Bryan Colangelo: From all reports, the entire NBA family was absolutely thrilled with the highly successful and entertaining All-Star Weekend in Toronto. Everything from the organization and set-up to the highly acclaimed live events were the culmination of a well designed and even better executed plan that was years in the making. The city and the host organization MLSE really did a fabulous job for what was a historic international NBA event.

How do you feel the perception of Toronto as a basketball city has changed since you arrived here a decade ago?

There has been so much growth in the participation and awareness of the sport in Canada dating back to the Raptors’ inception in 1995 that it really is hard to measure just how far we’ve come. Fans are more educated about the game, the media is more engaged than ever, and the development of the game itself—the coaching and training opportunities—have really blossomed and thrived. Basketball is an urban game at its core and the GTA in particular has produced an extraordinary number of NCAA D1 athletes and now even NBA-level players. The game has arrived in a big way and Toronto is at center stage.

What is the biggest misconception that you heard about Toronto that needed to be corrected?

Living outside of the U.S. is not for everyone, but once here I optimistically think anyone can and will adapt to the subtle differences and nuances of Canadian living. If I had to single out one thing, the perception of it being too cold is overplayed big time. It’s cold everywhere in the Midwest and Northeast this time of year. Try walking your dog in Minneapolis in January and then tell me Toronto is too cold. I will politely disagree.

When you acquired Lowry from the Houston Rockets in 2012, you obviously felt that he was a player that could help the team. But did you honestly envision Kyle becoming as good as he is today, a two-time All-Star Game starter and a heart-and-soul-type leader?
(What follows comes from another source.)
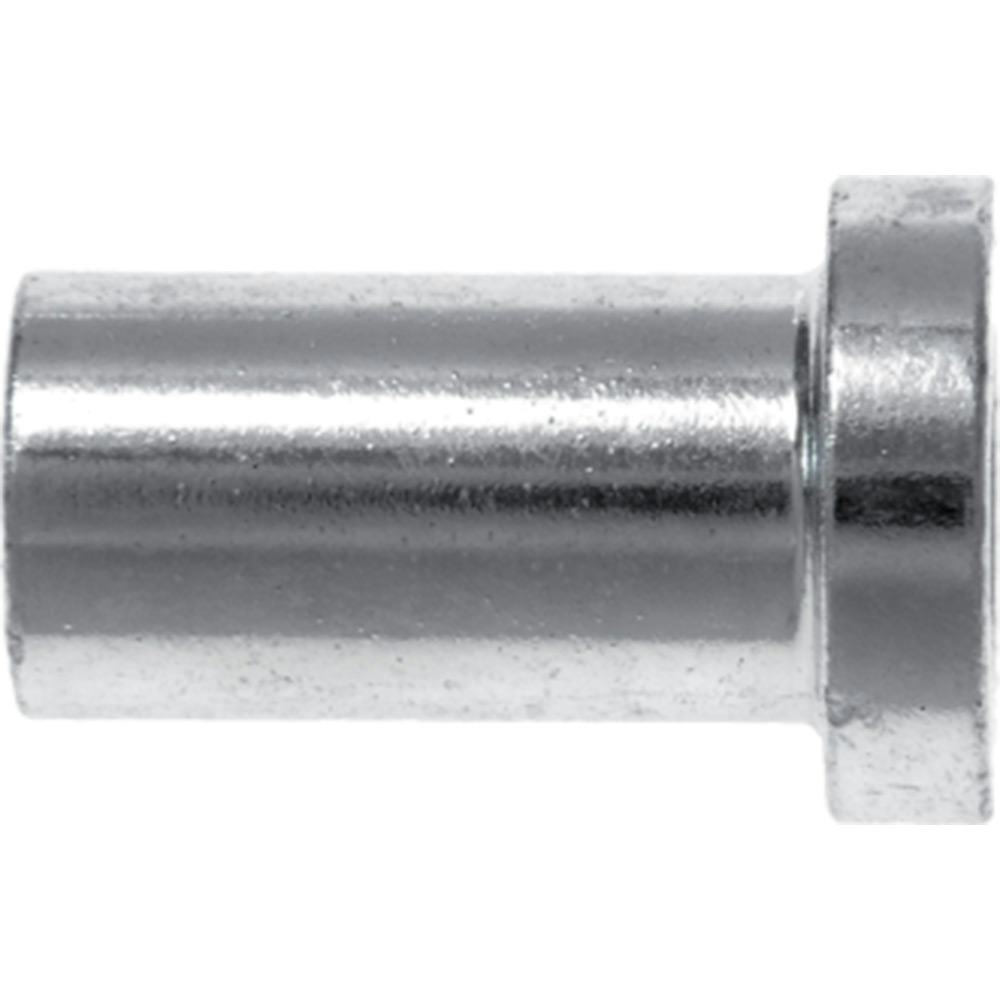 styrhylsa Gunnebo Fastening 14x10 mm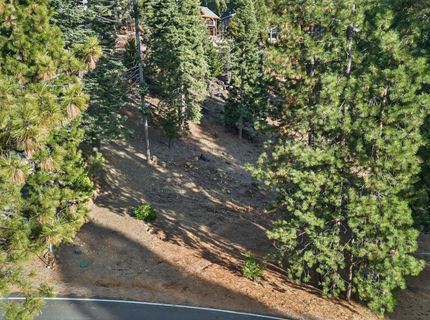 1216 Hidden Beach Road, Lake Almanor, CA 96137 Photo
I was quoted at the time as saying he was a top ten point guard in the league and admittedly I was wrong. He is now clearly in the top five and playing at an all-NBA level. Not every player matures emotionally or refines themselves physically the way you would like them to, but Kyle has done both in spades. No one but Kyle himself deserves the credit for his transformation into an elite player.

Valanciunas, Lowry and DeRozan are all key holdovers from the Colangelo regime. —Photo by Peter Llewellyn-USA TODAY Sports

When you signed DeRozan to a four-year extension in 2012, it was met, by some, with skepticism. But now, by NBA standards, it is a bargain. What convinced you that DeMar would not only live up to the deal but exceed expectations?

I had learned from a previous experience that not signing a key player to an eligible extension can come back to bite you, as family, friends and agents feel it’s a sign of disrespect or a lack of belief toward the player. The rules of restricted free agency still give you the upper hand, but the damage can sometimes be too deep to overcome in a healthy way. What I saw in DeMar was a high-character, hard-working and constantly improving young talent that was uncommonly committed to the organization and the city of Toronto. Bottom line is that is the kind of young man that I felt comfortable betting on and I did so without hesitation or remorse regardless of the reaction at the time.

Do you feel Terrence Ross has reached his potential? If not, how much better do you feel he is capable of getting?

No, not yet, actually, but I believe he has the skill set and athleticism to achieve a much higher ceiling. Consistency of effort and focus will be the keys to his development going forward, but he has all the tools to become an elite scoring and defending guard in this league.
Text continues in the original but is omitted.